Just as Goethe said that anger clouds reasoning, one must understand that anger can be a destructive force when actions that are taken are not thought through. It is imperative that one finds techniques by which by he/ she can control his anger, and this requires a conscious decision to divert one’s attention from thoughts that create anger internally while also avoiding external circumstances that can incite anger as well.

Here are some techniques that should help you control your anger both internally and externally as well:

1) Since anger is a long-term habit, one must determine to remain calm in the midst of triggers in order to change his behavior from reaction to a response. This takes work but just being aware of your anger can help you avoid it.
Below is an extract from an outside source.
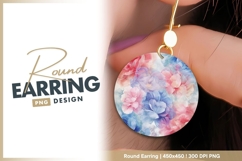 Watercolor floral round earring png Product Image 1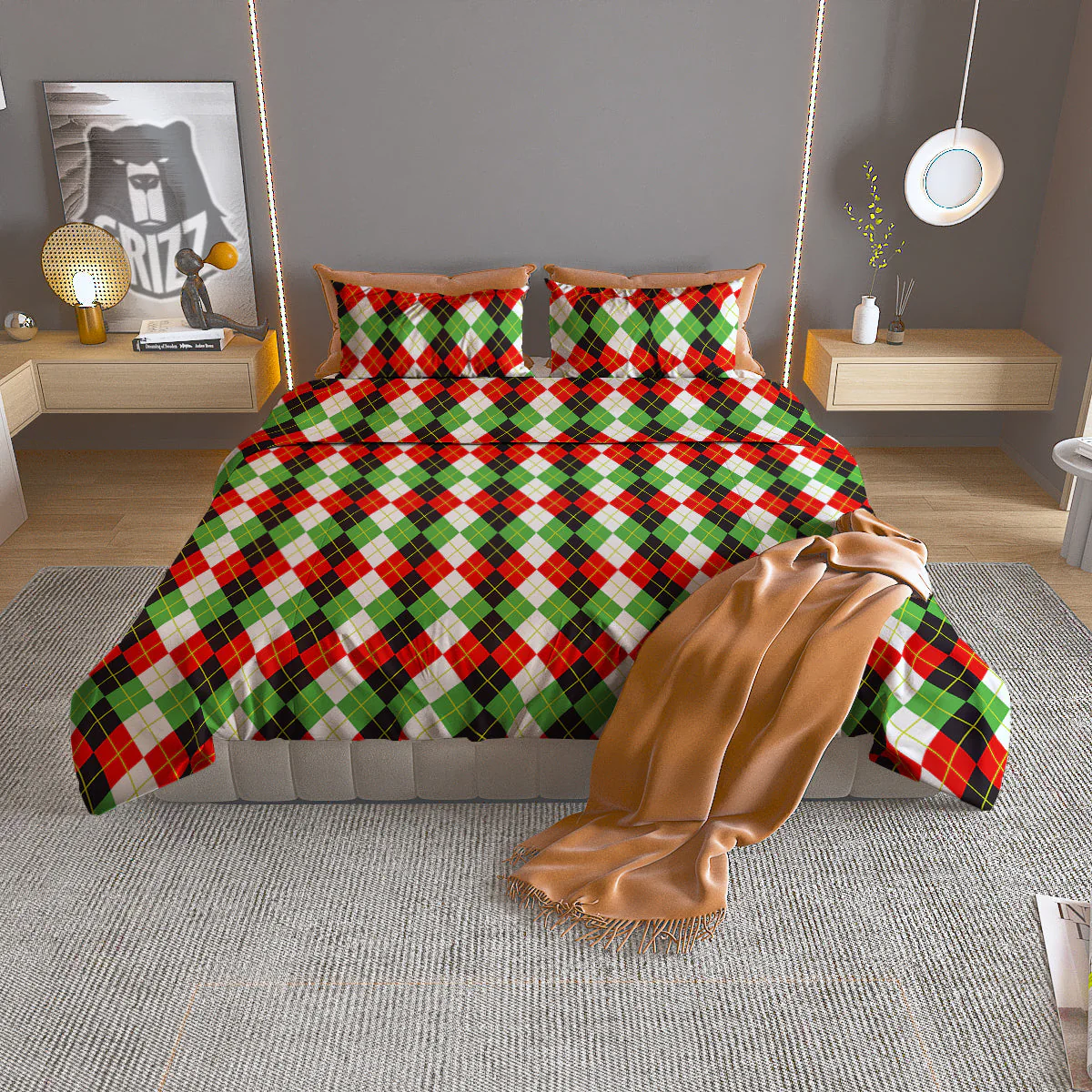 Red White And Green Argyle Print Pattern Duvet Cover Bedding Set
2) If the source of your anger is based on what someone said, it is important to communicate what you feel with the person who has angered you. However, you should choose to communicate in a calm manner where reasoning is given precedence over emotion.

3) Sometimes, removing yourself from the scene is much better than rushing in with a response that will resemble a reaction more than anything else. A few hours away can bring things back into perspective after which you proceed to respond to the situation at hand. A little time for yourself regularly perhaps in meditation helps you to relax the mind.

4) Finally, as anger is rooted in fear, the source of negativity, it is important to view the potentially threatening situation in a negative light. Try and take a balanced view of the situation by choosing to look at the positive as well.